TO DO —
Please copy each line of the listing below precisely, excluding the images.

MATERIAL PROVIDED —
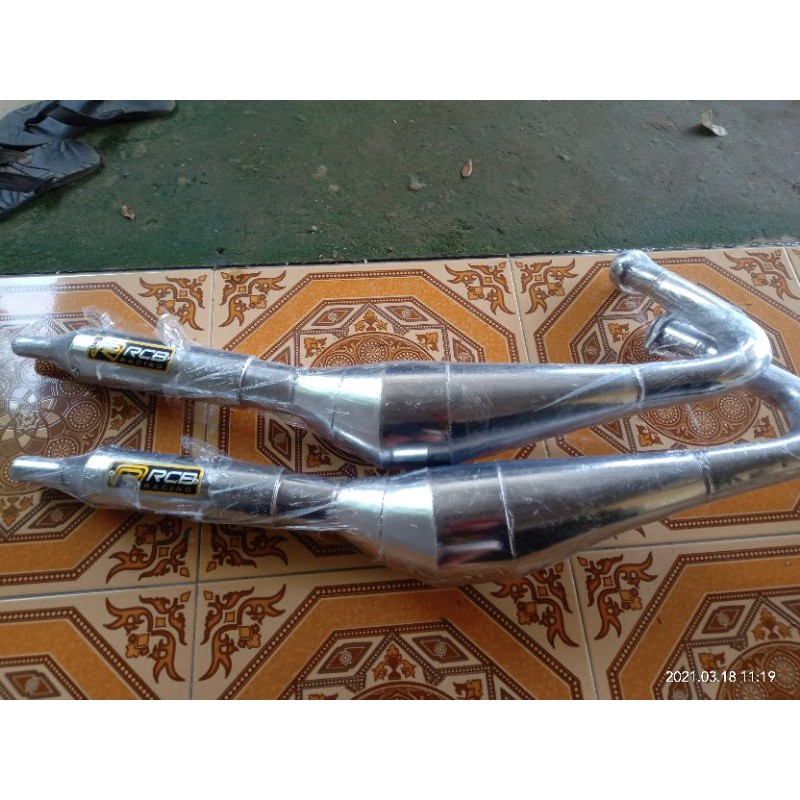 Knalpot Rcb Rx King Crom Kolong Telo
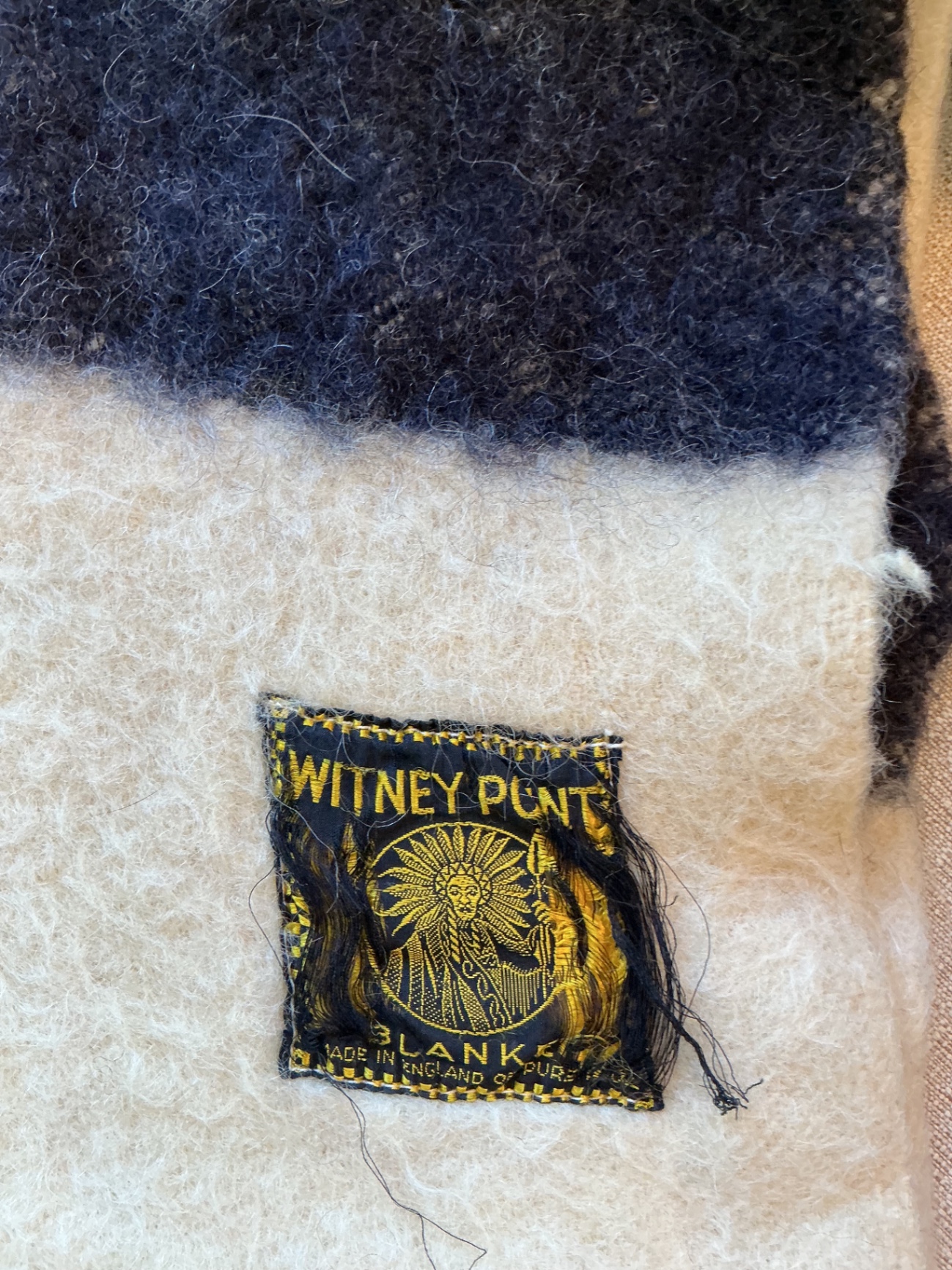 Two Whitney Point striped wool blankets.  - image 5 of 7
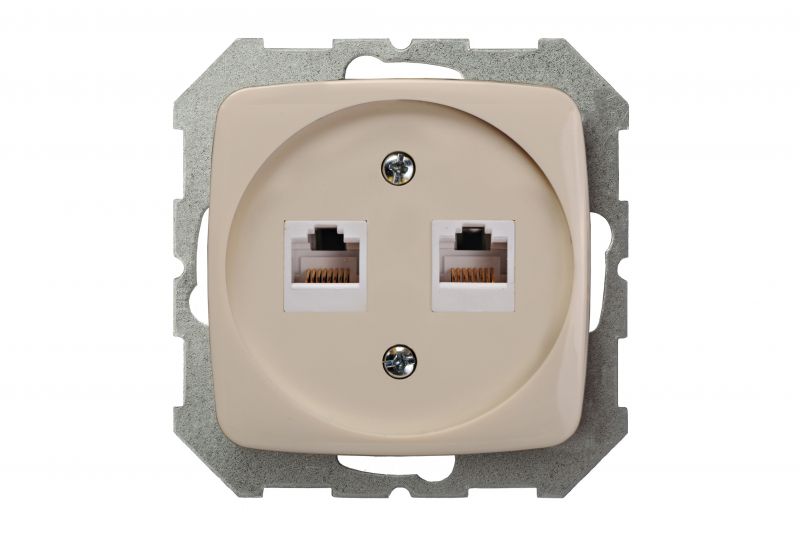 IKL-002-01 A/S Flush.mount.computer socket RJ45 cat6,double,  w/f - Image 3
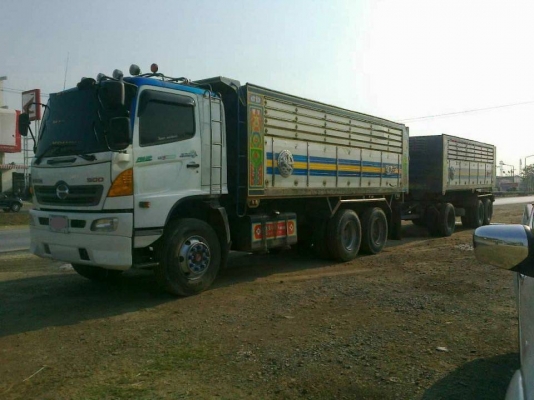 ขาย ฮีโน่ 344 แรง 500 / ปี 52 ( พ่วง 22 ล้อดั๊ม ลูก 3 เพลา )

EXERCISE RESULT —
 Knalpot Rcb Rx King Crom Kolong Telo
 Two Whitney Point striped wool blankets.  - image 5 of 7
 IKL-002-01 A/S Flush.mount.computer socket RJ45 cat6,double,  w/f - Image 3
 ขาย ฮีโน่ 344 แรง 500 / ปี 52 ( พ่วง 22 ล้อดั๊ม ลูก 3 เพลา )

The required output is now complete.